Marvin was the principal pops conductor for six different symphony orchestras around the country. “I have enough mileage to go back and forth to anywhere a million times,” he said. “I could go to Pluto tomorrow. It would be nice. I’d take economy.”

Twice during the interview he told me to call him after I’d seen the movie. So I did. Alison and I saw The Informant! the following night, and I called him and chatted about it on the drive home. That was definitely a first.

I discovered he was coming to Tampa (where I was living at the time) for a pops concert, and decided to call and ask if we could possibly get together. He told me just to call him on the morning of the show. So I did, and we arranged to meet for lunch in St. Petersburg.

Alison and I met Marvin at the Westin Hotel where he was staying, and ate in the seafood restaurant there. He let us fire away with questions, and I asked about his songwriting process.
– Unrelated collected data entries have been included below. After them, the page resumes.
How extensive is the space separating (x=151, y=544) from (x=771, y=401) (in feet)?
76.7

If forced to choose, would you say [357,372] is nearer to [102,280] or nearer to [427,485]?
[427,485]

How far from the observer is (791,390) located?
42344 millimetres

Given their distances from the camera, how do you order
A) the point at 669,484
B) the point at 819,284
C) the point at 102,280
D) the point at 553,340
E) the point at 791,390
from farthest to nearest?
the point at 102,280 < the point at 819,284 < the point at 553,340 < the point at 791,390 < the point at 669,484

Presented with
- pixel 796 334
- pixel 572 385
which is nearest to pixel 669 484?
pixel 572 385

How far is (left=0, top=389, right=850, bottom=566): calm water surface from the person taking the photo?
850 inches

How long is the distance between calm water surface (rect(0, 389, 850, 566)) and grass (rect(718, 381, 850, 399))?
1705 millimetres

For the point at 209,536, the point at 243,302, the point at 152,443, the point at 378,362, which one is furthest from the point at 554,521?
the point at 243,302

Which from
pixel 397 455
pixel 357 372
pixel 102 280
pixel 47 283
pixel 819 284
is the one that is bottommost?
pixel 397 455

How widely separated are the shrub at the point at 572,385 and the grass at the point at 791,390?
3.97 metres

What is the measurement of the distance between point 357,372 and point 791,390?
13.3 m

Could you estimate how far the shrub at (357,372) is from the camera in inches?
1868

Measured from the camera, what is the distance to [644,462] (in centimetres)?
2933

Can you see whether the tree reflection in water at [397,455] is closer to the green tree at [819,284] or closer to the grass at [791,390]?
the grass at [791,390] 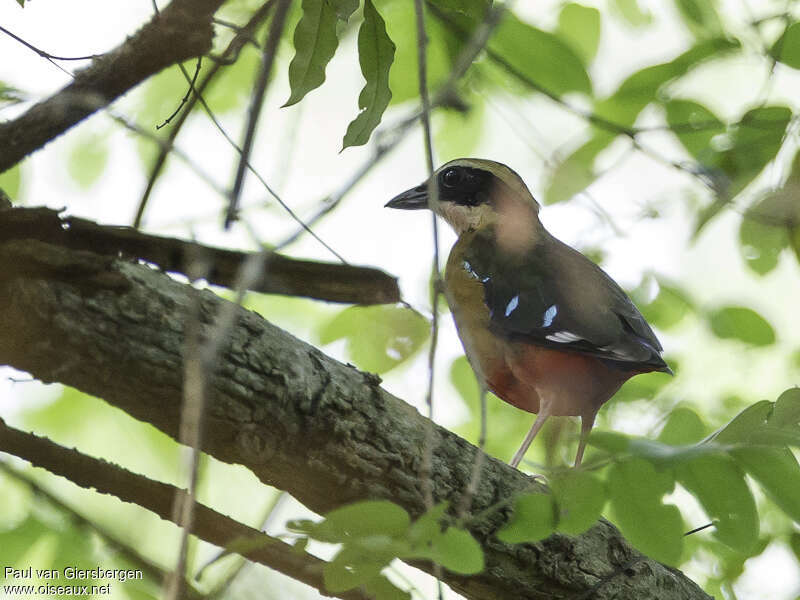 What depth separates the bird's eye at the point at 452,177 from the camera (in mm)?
5367

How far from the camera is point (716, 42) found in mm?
3244

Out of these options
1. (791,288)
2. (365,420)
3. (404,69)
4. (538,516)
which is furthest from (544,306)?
(791,288)

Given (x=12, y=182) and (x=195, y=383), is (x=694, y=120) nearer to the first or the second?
(x=195, y=383)

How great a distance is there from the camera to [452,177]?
5379 mm

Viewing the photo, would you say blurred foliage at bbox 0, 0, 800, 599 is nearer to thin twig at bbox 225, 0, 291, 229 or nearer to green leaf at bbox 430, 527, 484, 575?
green leaf at bbox 430, 527, 484, 575

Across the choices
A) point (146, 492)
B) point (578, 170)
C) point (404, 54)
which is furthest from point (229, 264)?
point (578, 170)

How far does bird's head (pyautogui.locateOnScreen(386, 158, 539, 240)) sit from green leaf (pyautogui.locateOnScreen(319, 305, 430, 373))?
1759 mm

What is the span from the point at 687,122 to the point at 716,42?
402 mm

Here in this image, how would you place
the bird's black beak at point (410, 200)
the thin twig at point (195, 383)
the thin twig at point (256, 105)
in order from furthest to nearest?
the bird's black beak at point (410, 200) < the thin twig at point (256, 105) < the thin twig at point (195, 383)

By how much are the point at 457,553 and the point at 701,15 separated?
2.31 metres

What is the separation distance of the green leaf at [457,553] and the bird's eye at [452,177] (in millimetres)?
3603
He asked if, when I drove a car, I went the same familiar route to every place. I said yes. He said with music, especially playing the piano, there’s a natural route to take, a familiar chord to always go to next. He said lately he’d been trying to avoid going to whatever that chord is. “If I’m on a G7,” he said, “I’m trying to avoid going to C now.”
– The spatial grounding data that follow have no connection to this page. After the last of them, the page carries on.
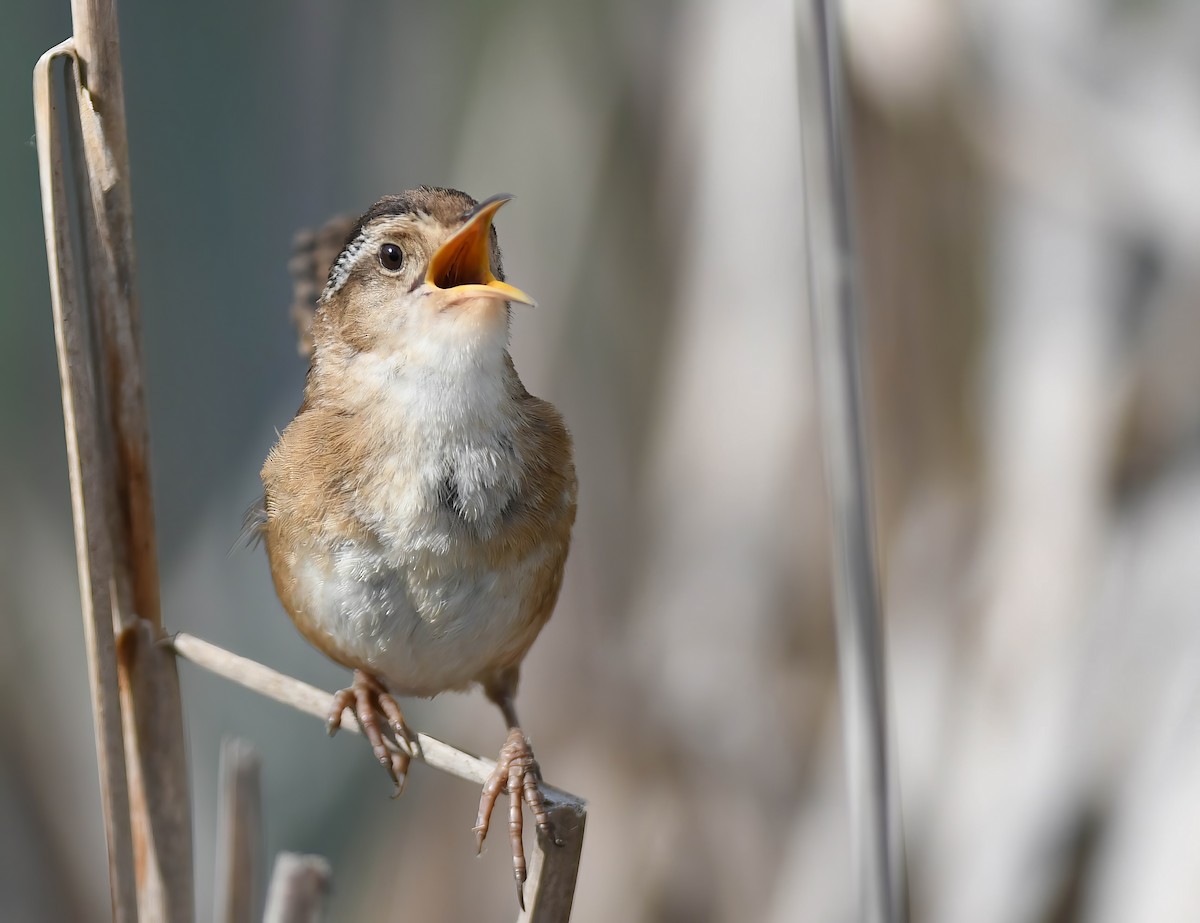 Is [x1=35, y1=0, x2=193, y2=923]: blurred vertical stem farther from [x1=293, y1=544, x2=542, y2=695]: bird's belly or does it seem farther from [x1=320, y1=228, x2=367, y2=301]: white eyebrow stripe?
[x1=320, y1=228, x2=367, y2=301]: white eyebrow stripe

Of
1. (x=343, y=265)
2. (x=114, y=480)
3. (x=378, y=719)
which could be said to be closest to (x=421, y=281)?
(x=343, y=265)

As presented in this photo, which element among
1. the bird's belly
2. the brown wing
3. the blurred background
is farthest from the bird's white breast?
the blurred background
Alison provided the feminine, non-geeky touch, and prompted Marvin to ramble wistfully about food and travel. He told us his favorite cities and countries in the world (he’d been just about everywhere)—the south of France, Sydney, Vancouver. If he was young, he said, he’d move to Australia—and he encouraged us to travel often and not worry about staying in inexpensive hotels.

I ordered a coffee after lunch, and he had a cappuccino. We lazily sat and talked for about an hour, and when the waiter brought the check Marvin took it and staunchly rested his arm on it while talking. As he opened the check holder I got out my wallet. He firmly told me, “Put your money away.” As we walked out of the restaurant, I quickly asked if we could get a picture with him. The girl at the concierge desk took a (blurry) photo of the three of us on Alison’s camera.


It wasn’t much, my interaction with Marvin Hamlisch. But this talented, medaled legend took an interest in my opinion, treated me with respect, took me out to lunch, and even tried to help me find work. When he died yesterday I certainly didn’t lose a friend—but it was also something not altogether different.